L’IRN a été fondé par David Brower, ancien fondateur des Amis de la Terre, après avoir été directeur exécutif de l’American Sierra Club, qu’il a transformé en une organisation environnementale radicale.

En réalité, malgré ses inquiétudes, l’Égypte ne s’est jamais plainte d’un manque d’eau lors du remplissage. Quelles que soient les craintes des Égyptiens et des Soudanais concernant ce qu’ils qualifient d’action unilatérale de la part de l’Éthiopie, maintenant que le GERD est rempli, il n’y a plus aucune raison de prolonger ce conflit.

Les bénéfices attendus du barrage pour les pays en aval devraient se concrétiser dans les mois et les années à venir. Une étude suggère que les gains cumulés du PIB du Soudan, résultant de l’exploitation à régime permanent du GERD (2020-2060), se situeraient entre 27 et 29 milliards de dollars, par rapport à un scénario de référence sans le GERD.

Un rêve de cinquante ans devient réalité

L’idée du GERD remonte à cinquante ans. Rêvant de moderniser l’Éthiopie, l’empereur Haïlé Sélassié s’est alors tourné vers les États-Unis pour une étude du Nil Bleu. En 1964, il a mandaté le Bureau américain de la Réhabilitation (Bureau of Reclamation), qui proposa la construction d’un immense barrage sur le site de Guba, près de la frontière entre l’Éthiopie et le Soudan, en mesure de produire une importante énergie hydroélectrique et de soutenir l’irrigation.

En raison de contraintes financières, mais aussi de l’opposition de l’Égypte, Haïlé Sélassié mit le projet au placard. Il fut relancé par le Premier ministre Meles Zenawi (1995-2012), qui annonça en 2011 un ambitieux projet basé sur une version modifiée du projet américain de 1964. Zenawi mit également en place un ingénieux système de financement, excluant toute aide étrangère (FMI, Banque mondiale, banques privées), à l’exception de la Chine.

Au final, 80 % ont été financés sur le plan national et seulement 20 % par la Chine. Les sources de crédit national sont un ensemble de subventions de l’État éthiopien, de ventes d’obligations nationales et de contributions de la diaspora, d’impôts et d’une taxe ponctuelle sur les salaires des fonctionnaires, qui ont fait don d’un mois de salaire pendant plusieurs années.

L’Exim Bank of China accorda environ 1,8 milliard de dollars de prêts, principalement destinés aux travaux électromécaniques, fournis et installés par Voith Hydro Shanghai (filiale chinoise de la société allemande Voith) et aux lignes de transport à haute tension (plusieurs lignes de 500 kV vers le Soudan, Djibouti et le Kenya).

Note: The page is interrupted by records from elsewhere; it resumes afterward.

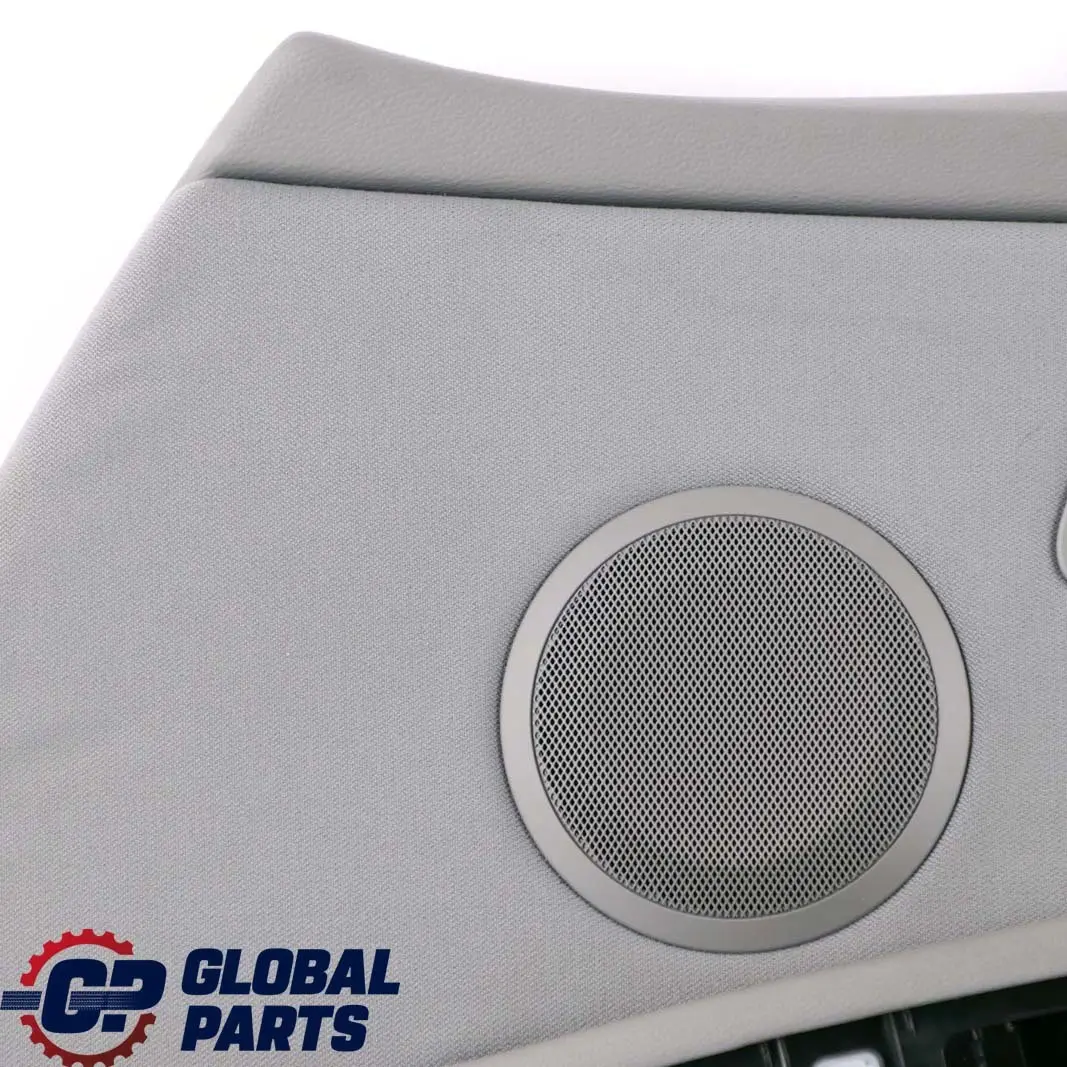Grey Cloth Door Card Trim Panel Front Right Driver Side O/S to BMW 3 SERIES E90 E91 with Part number 9154158 BMW 3 SERIES E90 E91 Grey Cloth Door Card Trim Panel Front Right Driver Side O/S - SKU rhd-9154158 - Part number 9154158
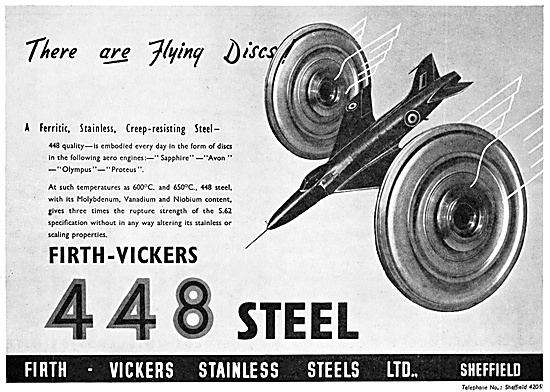 Firth-Vickers 448 Stainless Steels                               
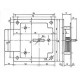 MIRALLES/KROMER K LLAVE 6 GORJAS PARA CAJA FUERTE / ARMARIO SEGURIDAD OLLE EUROSAFE FERRIMAX BAUSSA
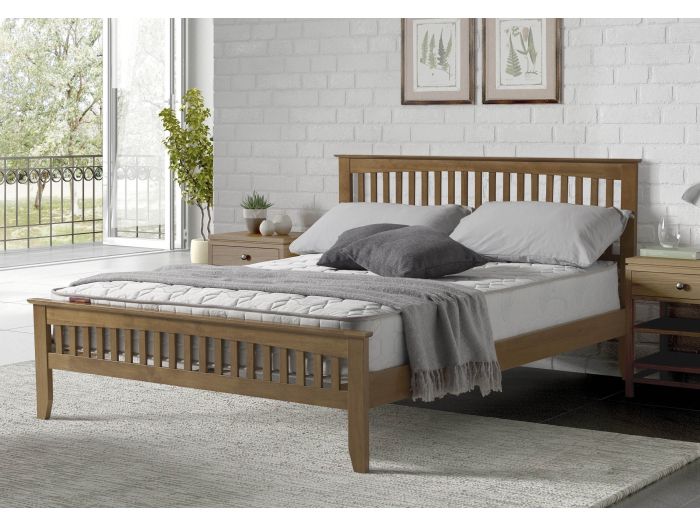 Sareer Sandhurst Wooden Bed Frame
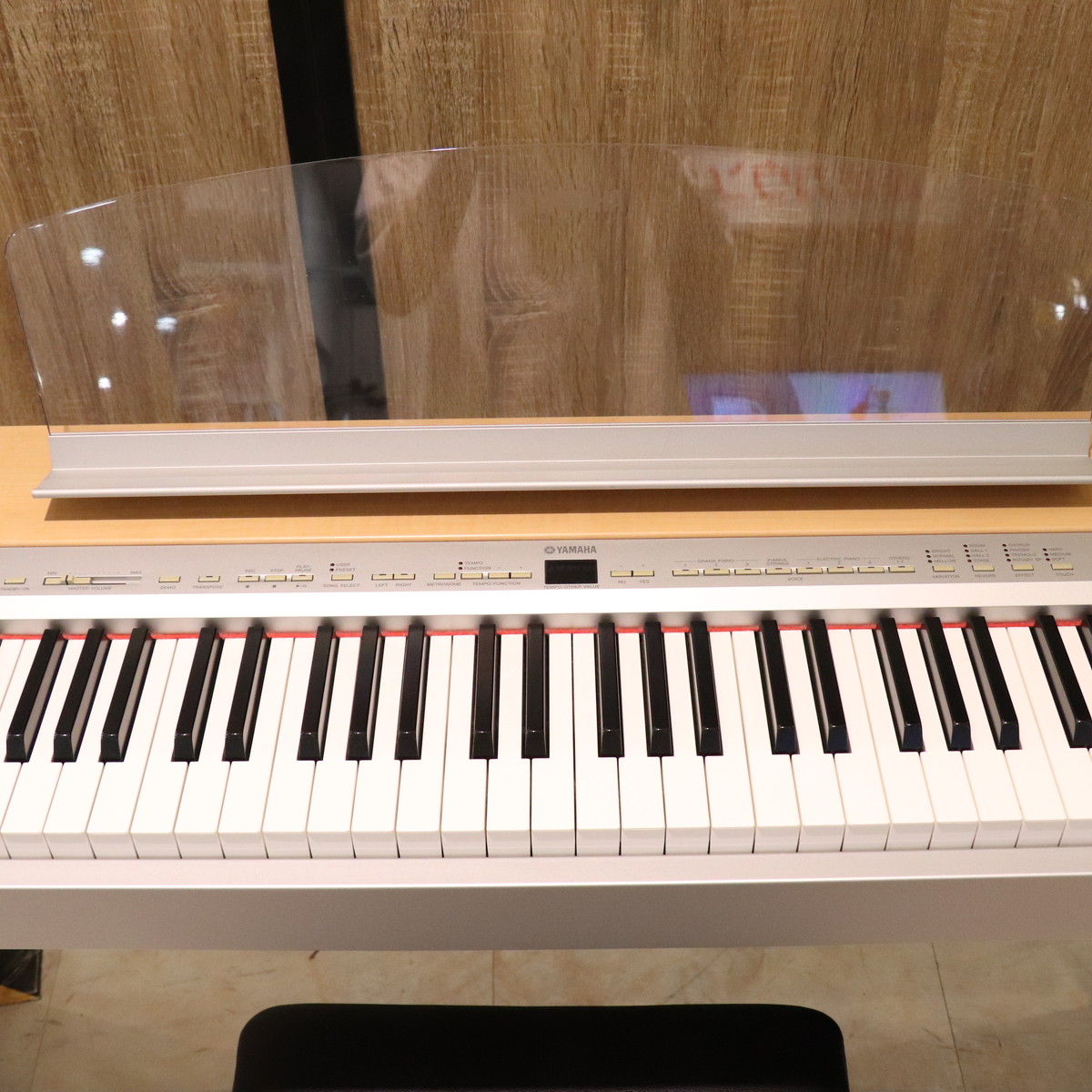 【Kenji Hiranuma】Yamaha P-140S 電子ピアノ Amazon | YAMAHA デジタルピアノ P-140S | 電子ピアノ | 楽器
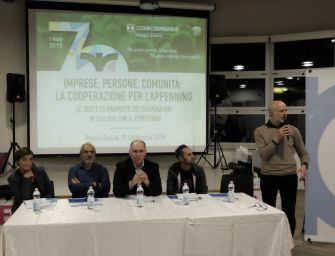 Reggio. Confcoop, il lavoro e i servizi per riabitare in montagna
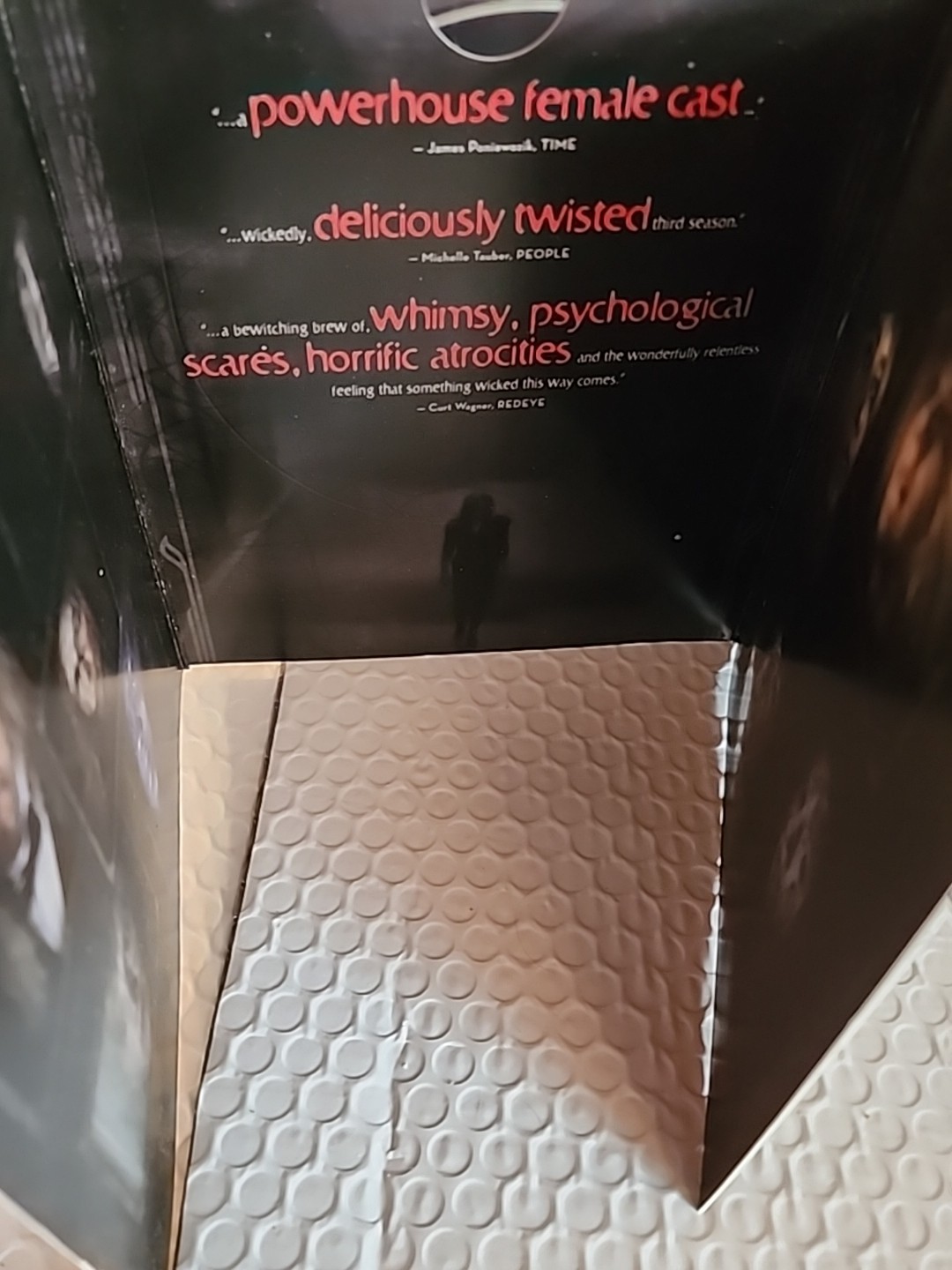 2014 AMERICAN HORROR STORY COVEN 2 EPS PROMO EMMY FYC DVD EVAN PETERS Bitchcraft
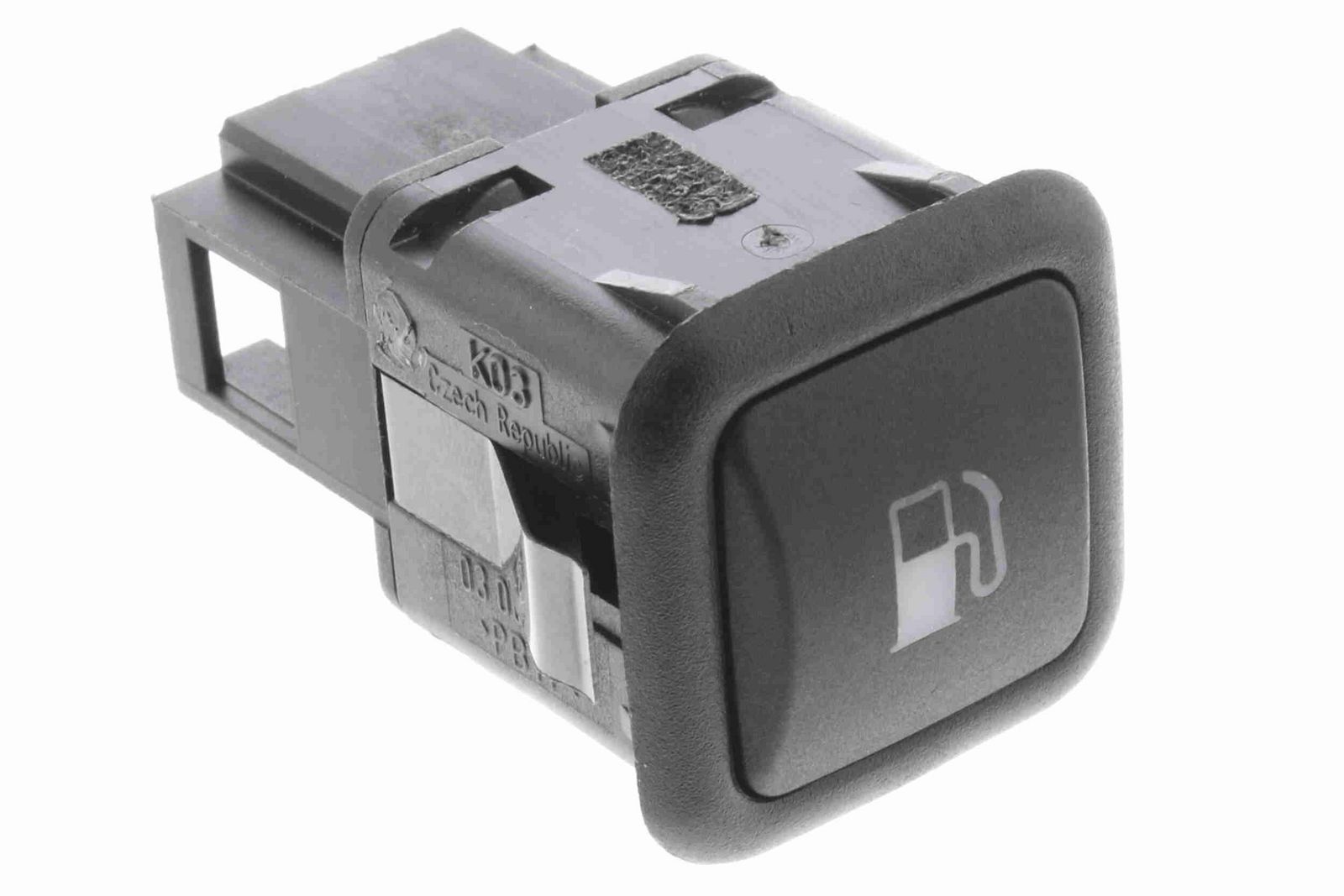 Switch, fuel filler flap release-main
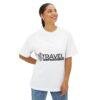 Travel to Destination T-Shirt — Compass Logo Graphic Tee for Travelers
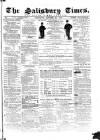 The Salisbury Times Saturday 24 October 1874 Page 1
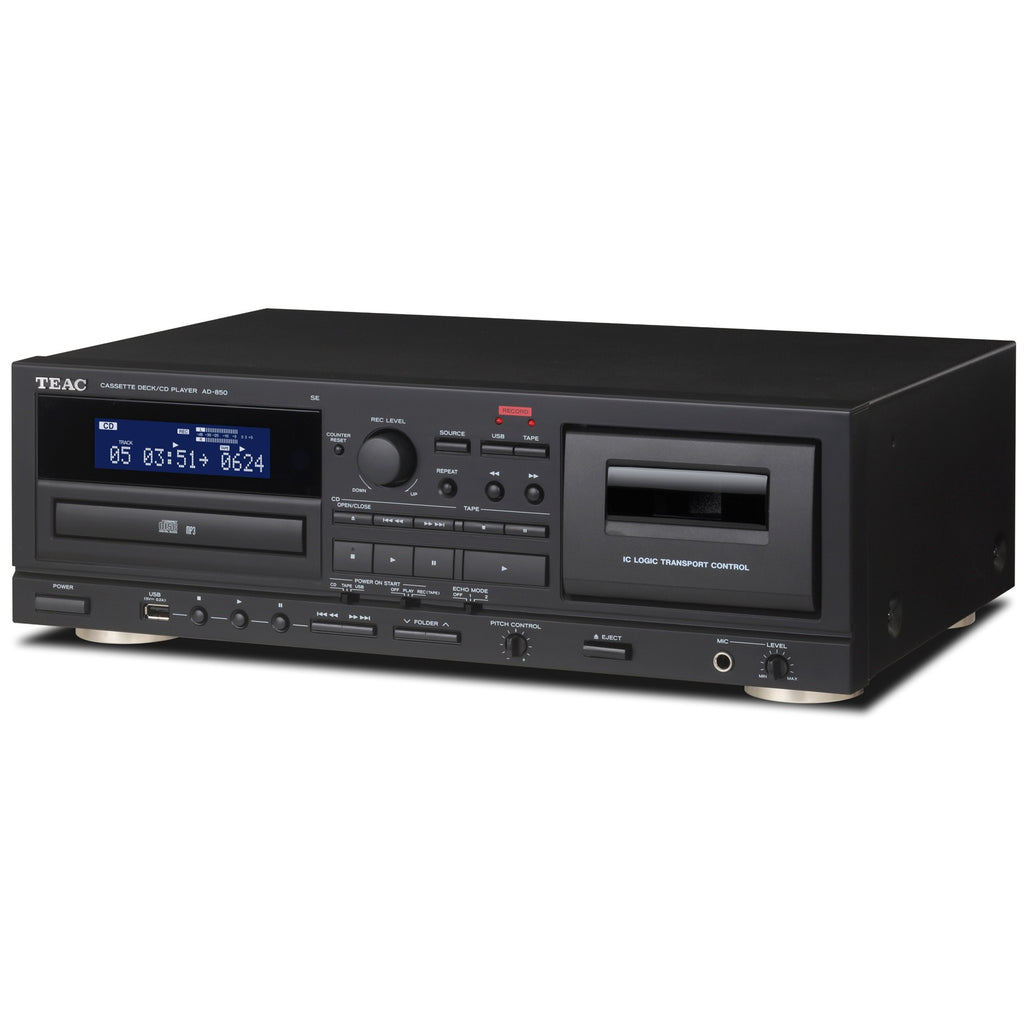 TEAC AD-850-SE Cassette Deck CD Player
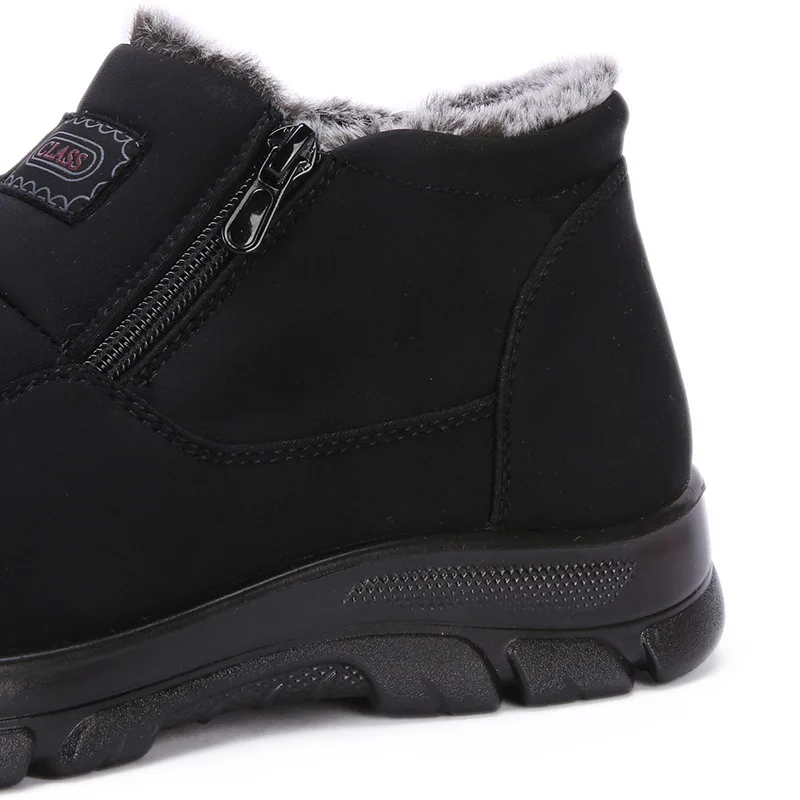 

2020 Men's Winter Boots Snow Working Shoes Casual Increase Boots Men Chunky Fashion Shoes For Man Botas Mujer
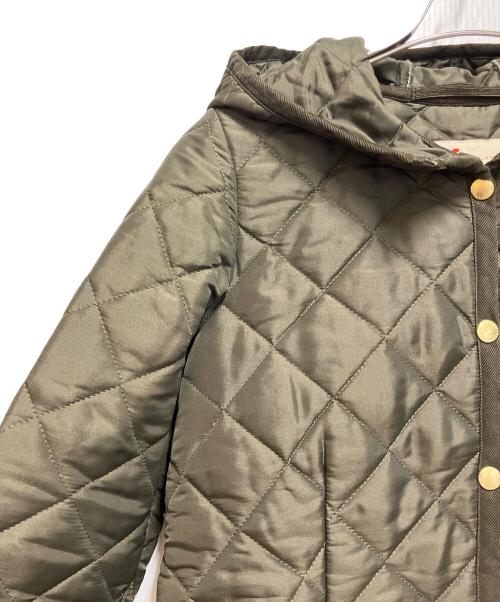 Traditional Weatherwear（トラディショナルウェザーウェア）Traditional Weatherwear (トラディショナルウェザーウェア) キルティングジャケット グリーン サイズ:34の古着・服飾アイテム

Après la mort de Meles, le Premier ministre Haile Mariam Dessalegn hérita du GERD et le poussa de l’avant, sous la direction de son futur successeur, l’actuel Premier ministre Abiy Ahmed.

L’histoire du GERD ne serait pas complète sans souligner le rôle de Simegnew Bekele, ingénieur-en-chef et chef de projet du GERD, qui joua un rôle essentiel dans les ambitieux projets hydroélectriques de l’Éthiopie et était largement considéré comme le « visage public » du projet GERD.

Tué par balle, son corps fut retrouvé dans son véhicule en plein centre d’Addis-Abeba, le 26 juillet 2018, le jour où il devait tenir une conférence de presse sur l’avancement des travaux du barrage. Bien que l’enquête ait conclu au suicide, sa mort a suscité protestations et doutes.

En conclusion, le Grand Barrage de la Renaissance éthiopienne est une réussite de la coopération sino-européenne pour aider les nations africaines indépendantes à poursuivre leurs objectifs de développement.

Un modèle inspirant

Ce type de coopération gagnant-gagnant peut être reproduit sur tout le continent, par exemple pour la réalisation du projet Transaqua, destiné au transfert d’eau du bassin du Congo vers celui du Tchad. Similaire au GERD, le Transaqua est en discussion depuis des décennies. Le défi qu’il pose ne réside pas dans la taille des barrages, car ils seront plus petits, mais dans leur nombre : près de 30, sur les affluents de la rive droite du fleuve Congo.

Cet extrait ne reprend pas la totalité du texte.